### Prompt:
Beginning at the line containing "The Crow's Nest", repeat each line below exactly up to and including the line containing "Ford Kuga - 20". Do not repeat the pictures.

### Entries supplied:
----------

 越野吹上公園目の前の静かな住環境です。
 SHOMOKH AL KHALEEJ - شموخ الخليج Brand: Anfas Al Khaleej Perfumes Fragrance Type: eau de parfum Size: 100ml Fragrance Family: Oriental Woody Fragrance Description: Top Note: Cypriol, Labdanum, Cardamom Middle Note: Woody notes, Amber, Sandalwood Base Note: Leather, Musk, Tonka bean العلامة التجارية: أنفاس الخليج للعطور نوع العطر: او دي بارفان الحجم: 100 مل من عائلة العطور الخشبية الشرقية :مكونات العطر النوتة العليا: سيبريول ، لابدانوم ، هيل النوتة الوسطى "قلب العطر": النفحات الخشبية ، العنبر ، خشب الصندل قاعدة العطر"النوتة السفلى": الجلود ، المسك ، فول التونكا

----------

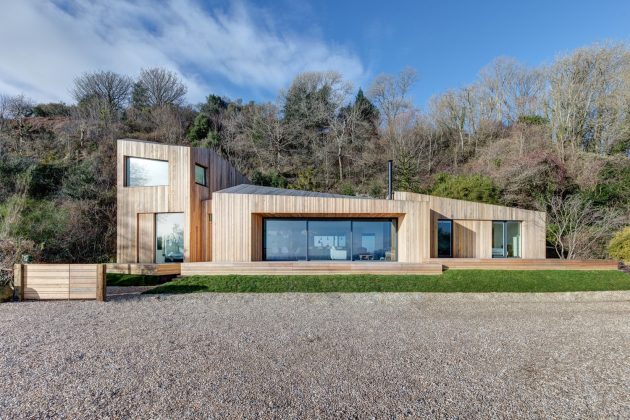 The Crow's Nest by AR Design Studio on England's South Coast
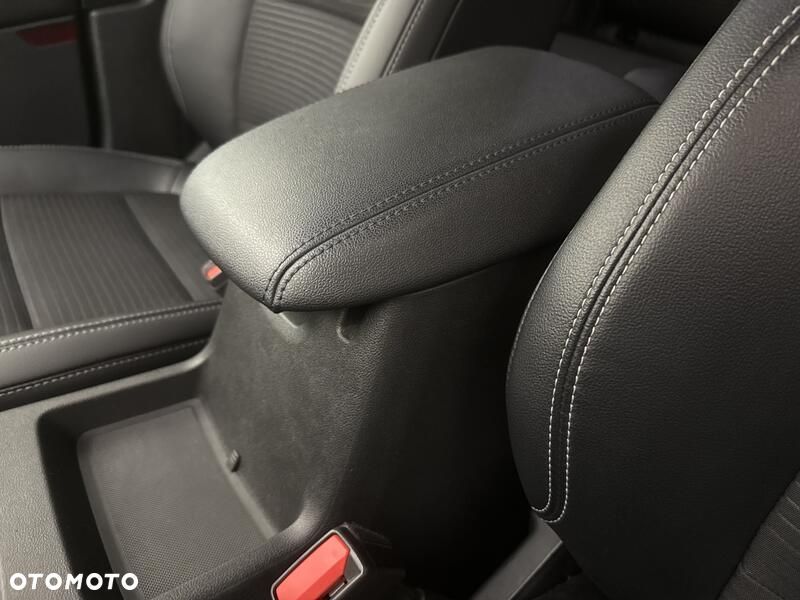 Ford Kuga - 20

----------

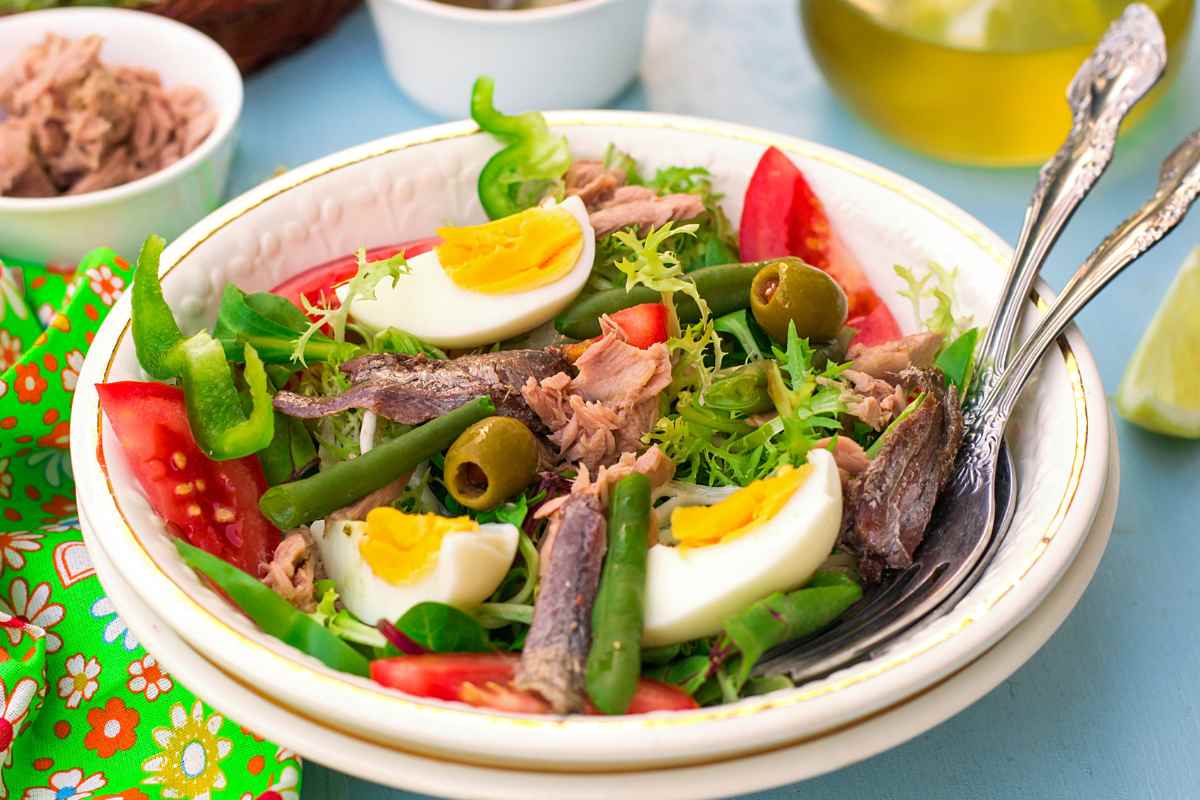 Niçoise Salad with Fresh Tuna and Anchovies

----------

### Problem solution:
 The Crow's Nest by AR Design Studio on England's South Coast
 Ford Kuga - 20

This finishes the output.